History’s Real Lesson
Naval Intelligence began in 1882 as a modest effort devoted to discovering and understanding the technological innovation of potential adversaries at a time when maritime warfare was changing rapidly. The need to acquire better knowledge spurred a reconnaissance industry to feed it. In the ensuing decades, a small but capable intelligence-collection capability—mostly human intelligence from attachés and others, but also including code breaking (signals intelligence)—served the Navy well.

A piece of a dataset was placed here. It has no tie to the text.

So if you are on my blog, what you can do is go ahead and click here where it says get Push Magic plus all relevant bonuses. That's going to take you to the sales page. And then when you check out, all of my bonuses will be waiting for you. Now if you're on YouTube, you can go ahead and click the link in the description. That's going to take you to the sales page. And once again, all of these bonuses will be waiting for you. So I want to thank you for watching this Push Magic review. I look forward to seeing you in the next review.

Yet the Navy did not rely on this alone to understand potential adversaries. It invested, modestly perhaps, in what today would be called “cultural immersion” programs. No cultural immersion experiences are more famous and consequential than those of Captain Joseph Rochefort and Rear Admiral Edwin Layton, who both occupy heroic and indispensable historical roles in World War II in the Pacific. As a mid-grade officer, Layton spent six years in Japan between 1929 and 1939. Rochefort was with him from 1929 until 1932, learning the Japanese language and culture along with getting a firsthand view of the Imperial Japanese Navy’s growing power and capability.

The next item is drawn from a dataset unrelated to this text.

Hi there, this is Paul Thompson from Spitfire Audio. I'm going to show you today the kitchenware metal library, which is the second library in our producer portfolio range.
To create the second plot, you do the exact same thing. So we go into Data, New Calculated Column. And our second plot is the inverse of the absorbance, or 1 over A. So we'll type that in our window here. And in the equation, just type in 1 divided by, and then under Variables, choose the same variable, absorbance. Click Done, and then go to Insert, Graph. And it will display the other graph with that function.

By 1940, Layton was serving under Pacific Fleet Commander Admiral Husband Kimmel as his senior intelligence officer. And while neither Layton nor anyone else precisely forecast the attack on Pearl Harbor, Layton’s experience in Japan inculcated a deep understanding and respect for the soon-to-be enemy of the United States, so much so that Layton was regarded as a voice of caution by many who summarily dismissed the possibility that Japan would undertake such an audacious surprise attack on the U.S. fleet in Hawaii. As the attack on Pearl Harbor was under way that fateful Sunday morning, Kimmel’s naval war plans officer, Rear Admiral Charles McMorris, who 11 days prior had told Kimmel he was not worried about a Japanese air attack, came across Layton in a headquarters hallway and reportedly said, “If it’s any satisfaction to you, you were right and we were wrong.”1
Less than six months later, Naval Intelligence would have perhaps its finest hour when Layton and Rochefort led the codebreaking and all-source analytical effort that gave Admiral Chester Nimitz the assessment that Japan would next attack at Midway, allowing the Pacific Fleet commander to position his forces accordingly, win at Midway, and turn the tide of the war. One could say the culture of Navy OpIntel was born in the months before Midway.
The terrorist attacks of 11 September 2001 significantly reprioritized the Naval Intelligence community, further reinforcing the shift from regional specialization to a generalist approach. Photo by Alamy
The Cold War and the Global Threat
The World War II lessons for the Navy were many and included a need to further develop and protect the specialties of intelligence and cryptology. In 1953, Secretary of the Navy Robert B. Anderson, in a speech to graduates of the Naval Intelligence School, said, “The day has long since passed when the intelligence responsibility of our naval establishment could safely be entrusted to officers as a collateral duty to other assignments. The good intelligence officer today must be a person with specialized training.”2 As such, by the mid-1950s specialized restricted line communities were established for both intelligence and cryptology.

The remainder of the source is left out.